It was in 1950 that Dick moved to Shuyak Island, Alaska and began servicing heavy equipment and diesel engines for the gang at Kodiak Island naval base. He spent the next 18 years as a highly sought after mechanic, as well as a salmon fisherman. Finally, he took a job with the US Fish and Wildlife Service at King Salmon on the Alaska Peninsula.
In 1968, Dick retired and moved to Twin Lakes, Alaska which is where the real story starts.
I was delighted to discover that the documentary has been uploaded.
Thank God for YouTube.
Bob Swerer and his son Bob Jr. flew in to see Dick in the early 90s, and Bob has graciously added this video as something of an epilogue to Dick's amazing story.
In 1999, at the age of 82, Dick Proenneke left Alaska to live out the rest of his life with his brother in California, and in April of 2003 Dick passed away after a stroke.

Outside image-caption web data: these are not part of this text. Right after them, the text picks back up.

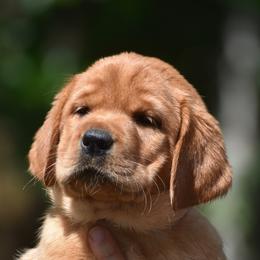 Ember - Yellow female Labrador Retriever puppy in Carthage, North Carolina from Wicked Pines Retrievers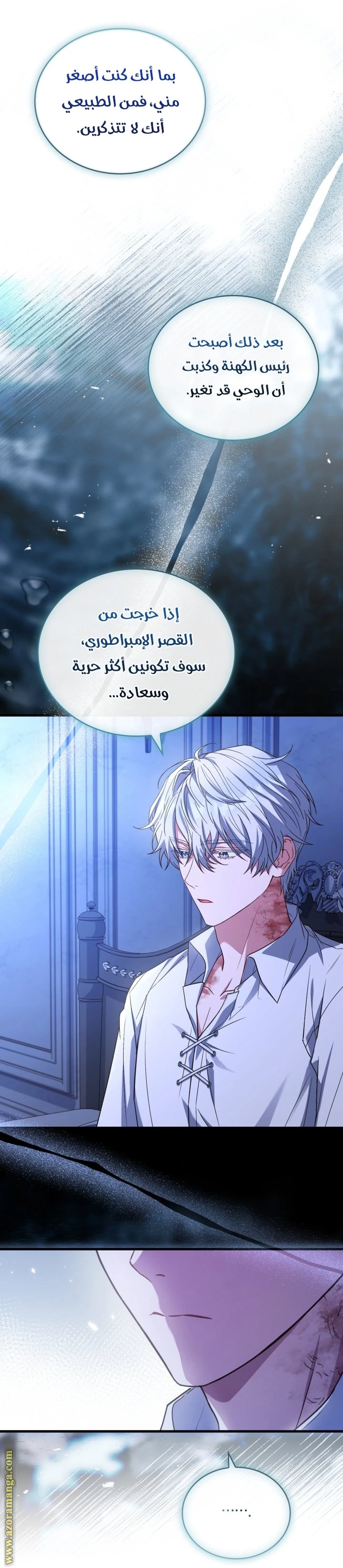 الصفحة 17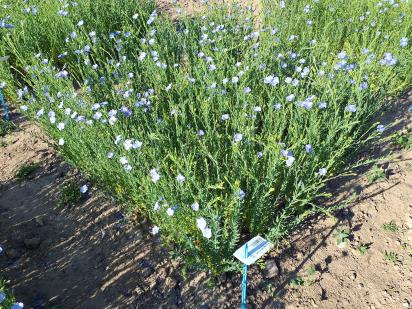 Click for 1 image(s) for this accession.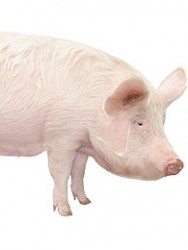Pig
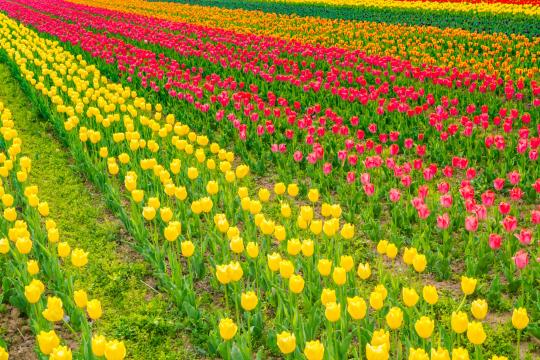 17.2k tourists visit Tulip Garden on inaugural day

He left his cabin to the US Park Service. It is a popular place for tourists to go and marvel at the man's skill, and it has become something of a symbol to dreamers like me.
One of the narrators of Ken Burns' incredible parks documentary made the most wonderful observation about Denali, and the other vast Alaskan National Parks: " I may never visit Alaska, but it is important to me to know it's there."
I feel the same way about Dick Proenneke's cabin at Twin Lakes.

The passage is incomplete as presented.